Referring specifically to recent attempts by telecommunications giant British Telecom (BT) to claim against licensing fees from US-based ISPs, Muscat said he is watching the case with interest, but is sceptical the telco will get its demands to stick.
-It has the potential to force some major changes in the industry," Muscat said. -But it would be impossible to enforce, even if it were entirely legitimate."
Upon seeing the gains made by companies like IBM thanks to efficient patent auditing, BT decided to do a little digging amongst its own patent collection. Eventually it came up with a near-enough-is-good-enough description of a hyperlink filed in 1976, but not granted in the US until 1989.

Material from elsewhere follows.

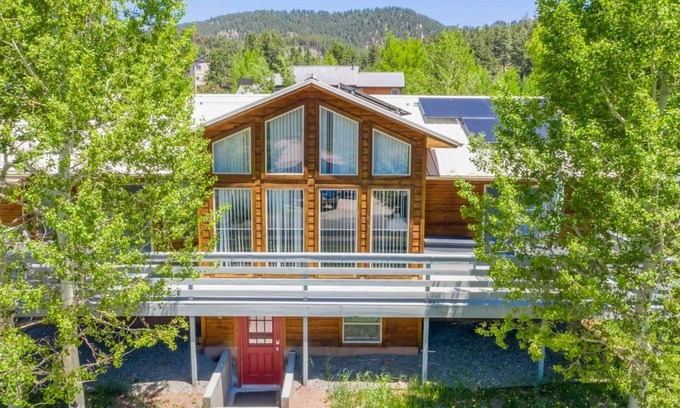 Woodland Park Cabin | Newly remodeled Mountain Cabin w/AC/Charis Bible College/AWM/Pikes Peak/King bed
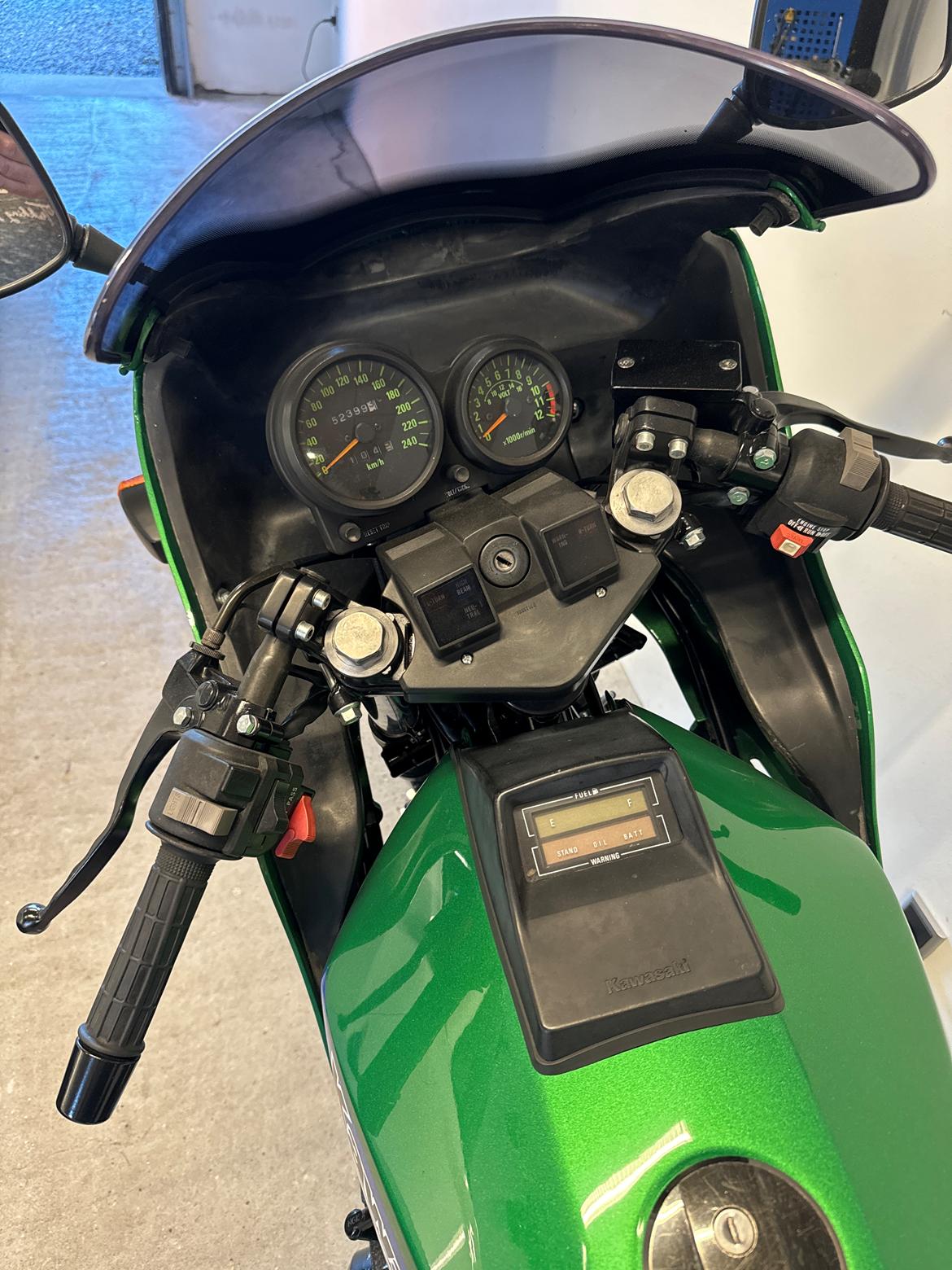 Kawasaki GPz 750 uni-trak billede 3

So while the patent has already lapsed in both Australia and the UK, it is still valid in the US, which gets Australian ISPs off the hook but may see BT able to claim licensing fees from hyperlink users via their US-based ISPs.
The story so far...
Patents are like little rewards you get when you come up with a good idea - if you are quick off the mark you get a pat on the back and a twenty-year monopoly on any product resulting from it.
On July 20 1976 BT, then known as The Post Office, took out a patent on an invention allowing a terminal apparatus to call information from a remote point via the public telephone network. While it was already possible to perform such a task by entering the page number of the corresponding data, BT's brainwave was -to ensure the simplicity of operation of the terminal" via a -storage means for storing a block of information signals".
That is to say - rather than type in or have to recognise the whole address for the information, this could be presented to them in a simplified format.
The wording in the patent abstract is along the following lines:
-Information for display at a terminal apparatus of a computer is stored in blocks the first part of which contains the information which is actually displayed at the terminal and the second part of which contains information relating to the display and which may be used to influence the display at the time or in response to a keyboard entry signal."
The application was granted in the UK and Australia in 1977, and credited to Desmond J Sargent. It was then left to collect dust along with thousands of other patents. The Teletext System, for which the patent was initially claimed, was eventually superseded by the Internet and the patent subsequently forgotten.
It just so happened that when Tim Berners-Lee was putting together standards like URL, HTML and HTTP at CERN in 1990, enabling Web surfers to connect to remote sites via user-friendly hyperlinks, seemed to make more sense than showing them the exact address they were linking through to. While the technologies were different, the principle was the same. Over a decade before anyone had even heard of the Internet, Sargent decided to make it easier to call up information remotely.
Space jump to 2001 when BT went riffling through what must be tens of thousand of patents and rediscovered its long-lost intellectual property. While the language is laboured, Australian IT patent lawyers Griffith Hack believe BT may well have a case.
Joe Seisdedos, IT patent advisor working with Griffith Hack suggests that the patent in the US is indeed valid and has been infringed.
-They are not trying to claim the structure of the Internet, just the idea of linking pages using simplified information," Seisdedos said.
BT's legal advice must have been along similar lines, as it approached the 16 largest ISPs in the US asking them to pay licence fees on the hyperlink services they were providing for their customers.
BT could do this because the granting of patents in the US has traditionally taken longer than it has in most countries. While the thirteen-year time lapse in this case is longer than the mean three-year wait, it was complicated by a Continuation of Service order which essentially allowed BT to extend the patent while it quibbled over the definitions contained therein.
When none of the ISPs seemed to take their request seriously, BT picked one of the smaller ISPs on the list, and Prodigy with its 3.1 million users ended up in court. As a result, the legal action could become a test case for the rest of the industry.
-ISPs are often the target of these kinds of attacks because they are easy to pinpoint," Seisdedos said. -And in this instance they may well have a case to answer."
According to Seisdedos, the case will consist of two parts -- one of which has already been completed.
-First they need to identify what the patent actually refers to, and then they need to show that it has been infringed," he said.
However, the latter part of the case -- set to take place in September this year -- will see BT forced to present its arguments to a jury.
-The general feeling at this stage is that there is no clear winner," Seisdedos said, pointing out that the preliminary finding has been one of limited infringement, or rather that hyperlinks went some way to infringe on the patent granted to BT in 1989. -BT may have trouble arguing their case to a group of 12 US citizens."
Apparently freed from liability for the last five years, Australian ISPs can sit back and watch the proceedings, which if nothing else will serve to rekindle the debate over international patent laws and their effect on IT innovation.